I am sure I will repeat the statement that closing a question is not actually considered to be rude or hostile behavior. Additionally, voting to remove a contribution and not personalizing a comment, that explains the reason the contribution was removed is not actually considered rude or hostile behavior. If anyone can show me clear guidance that says otherwise, I will change my approach, and kindly explain my votes to delete and close contributions.

Second, this post is not an attempt to relitigate specific review votes in specific circumstances. Everyone has their reasons for voting the way they do, and I sincerely do not think anyone who's been here long enough to obtain tens of thousands of points is some mustachioed cartoon villain or BOFH expy who's out to make people miserable on purpose.

It actually does seem like an attempt to change the way those users are voting. After reading your question several times, I have no doubt you believe those users are being unreasonable in their actions. I must reiterate the fact that voting on contributions is really not a personal action.

What this post is, is me imploring reviewers to consider their actions before taking them, not just on the quality of the site, but also on the people you will impact by those actions. And I don't just mean by your votes; I mean how you communicate their consequences. I would gently ask that you consider the following:

You really have not been gentle in any of your requests. This is obviously my own opinion, but I am considering our interactions both in the chatroom earlier and in the comment section to actual questions. My opinion is primarily based on the theoretical user's behavior.

It might be essential to point out that I am not asking anyone to disown the behavior of an uninformed user who submits commentary as an answer. Still, it certainly shouldn't be encouraged or justified.

If you have a high rep here, that indicates you are highly knowledgeable in a few technical aspects. Lots of the questioners coming in don't have that same knowledge and don't even know how to ask the "right" question yet because they're missing some vital piece of terminology or understanding of the subject matter.

Reputation does not indicate you are highly knowledgeable. I could give examples of answers that have hundreds of votes, and the only reason they have those votes is being prompted on Twitter. I have a few of those answers. I am honestly dumbfounded when one of those answers are promoted.

Indeed, some of those promoted answers are helpful, but even I can admit some of my own promoted answers don't deserve hundreds of upvotes.

People do come here at the ends of their ropes, meaning they don't know where else to go. Often in that many words - and yet we nuke their questions with the "clarity" reason because they "didn't show research effort".
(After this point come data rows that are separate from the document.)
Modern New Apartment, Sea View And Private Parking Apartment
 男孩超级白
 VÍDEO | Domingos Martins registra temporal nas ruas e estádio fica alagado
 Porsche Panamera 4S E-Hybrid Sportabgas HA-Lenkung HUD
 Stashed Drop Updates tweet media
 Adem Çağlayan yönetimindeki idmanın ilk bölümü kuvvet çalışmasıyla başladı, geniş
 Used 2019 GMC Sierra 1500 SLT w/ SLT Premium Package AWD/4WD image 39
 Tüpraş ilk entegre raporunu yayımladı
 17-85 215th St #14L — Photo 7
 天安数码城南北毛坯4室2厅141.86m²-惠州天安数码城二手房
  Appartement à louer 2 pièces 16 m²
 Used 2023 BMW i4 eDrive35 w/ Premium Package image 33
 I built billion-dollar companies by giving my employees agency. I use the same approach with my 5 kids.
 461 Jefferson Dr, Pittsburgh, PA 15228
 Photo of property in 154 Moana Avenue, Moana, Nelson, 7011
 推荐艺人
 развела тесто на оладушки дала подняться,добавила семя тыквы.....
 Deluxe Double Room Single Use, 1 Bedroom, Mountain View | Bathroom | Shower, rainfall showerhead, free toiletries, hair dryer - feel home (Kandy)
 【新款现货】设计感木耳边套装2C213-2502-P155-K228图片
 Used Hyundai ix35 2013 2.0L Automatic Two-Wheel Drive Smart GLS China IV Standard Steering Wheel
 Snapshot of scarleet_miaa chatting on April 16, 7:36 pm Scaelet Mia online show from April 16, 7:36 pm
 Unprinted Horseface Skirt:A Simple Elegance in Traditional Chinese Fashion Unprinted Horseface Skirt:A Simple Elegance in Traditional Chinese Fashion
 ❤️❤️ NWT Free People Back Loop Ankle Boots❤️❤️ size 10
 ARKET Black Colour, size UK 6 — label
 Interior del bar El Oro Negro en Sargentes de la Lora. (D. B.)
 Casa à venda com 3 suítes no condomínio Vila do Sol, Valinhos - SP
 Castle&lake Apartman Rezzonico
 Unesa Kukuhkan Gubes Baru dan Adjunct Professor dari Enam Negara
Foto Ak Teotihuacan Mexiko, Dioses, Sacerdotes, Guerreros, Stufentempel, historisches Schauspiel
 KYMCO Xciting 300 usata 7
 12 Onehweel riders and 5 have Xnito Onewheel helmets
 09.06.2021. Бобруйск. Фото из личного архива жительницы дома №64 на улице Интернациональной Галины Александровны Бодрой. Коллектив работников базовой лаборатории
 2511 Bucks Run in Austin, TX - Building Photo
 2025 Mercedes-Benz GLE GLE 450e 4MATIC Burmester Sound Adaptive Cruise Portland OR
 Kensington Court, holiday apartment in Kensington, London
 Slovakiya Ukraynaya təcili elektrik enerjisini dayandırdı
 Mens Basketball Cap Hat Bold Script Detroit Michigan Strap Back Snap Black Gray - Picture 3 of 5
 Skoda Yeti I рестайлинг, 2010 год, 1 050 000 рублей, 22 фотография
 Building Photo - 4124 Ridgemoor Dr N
They also come here and ask questions after doing absolutely no research on the subject. Which of course is fine but they have to be willing to provide the necessary information. Closing their question sometimes is a necessary step in the process of helping those users.

With all due respect, what research effort would you have them expend? Their post already indicated they don't know where to go!

The necessary information required to answer the question.

s it more useful, to SU, to them, and to the people who may encounter the question in the future, to comment asking for clarity and edit once that clarity is received, or immediately write off the question as unsalvageable and silently VTC it? If that clarity never comes, meaning the question is non-useful, by all means, you should VTC it, with the full knowledge that ROV is a black hole (more often than not, no amount of editing will get a question out of there, especially for the more subjective close reasons. Anything that's marked [closed] can be considered the site's trash bin.)

In my opinion, the close reasons while they are not perfect, actually do indicate what is required to answer the question. It is stated in a way that is far superior to what I personally could say in a comment. I choose NOT to submit commentary in these cases. I am also not going to allow somebody to incorrectly state that I am being rude by NOT submitting a comment.

Closing a question is a hostile action regardless of intention in that, it will be received as such. Every criticism of the Stack* network you find online include the willingness of reviewers to take adverse action on otherwise reasonable, useful questions at the drop of a hat.

This is absolutely false

The only avenue left to her is the answer box, which she uses because she doesn't know better yet. It looks like any other input box and fulfills the immediate goal of letting her communicate.

I am not going to quote the entire impractical outline of your example but the user wasn't forced to submit their commentary as an answer. You also won't be able to change my mind that that example is sort of ridiculous.

JaneNewbie closes her tab, leaving SU, likely never to return, soured on the whole experience. If asked, she will refer to SU as an unfriendly bunch of elitists who got unreasonably mad at her when all he wanted to do was thank a guy who helped her out.

So the user is going to leave the community after having a single contribution deleted? We have to keep in mind their single contribution was a comment that would have been automatically deleted after a single flag. If this user is leaving after having a single contribution deleted then we need a better system to avoid commentary being submitted as an answer. Until that better system is released the only tools we have are to delete commentary submitted as an answer.

The upvote requirement could be lowered to 1.

The upvote requirement was set to the current threshold after it was determined it was just low enough to stop unwanted behavior and voter fraud. The requirement for an upvote is meet after having a single contribution upvoted. This requirement cannot be changed by the community users nor should the fact this requirement exists be held against the community.

The person who reviews Jane's bogus answer still needs to flag it for not being an answer, but they could add a gentle comment (one comment, these shouldn't be piled on by five different people) about why they're doing what they're doing.

I am not required to submit a comment when I perform reviews.

You'll note that at no point here did I talk about Jane's behavior. First off, Jane is a newbie. She's ranting on meta because she feels attacked and doesn't know any better yet. You, on the other hand, replying to her post, probably do know better. What's your excuse?

We actually should be talking about their behavior. There actually should be more protections in place to prevent contributions that will be deleted from being submitted in the first place.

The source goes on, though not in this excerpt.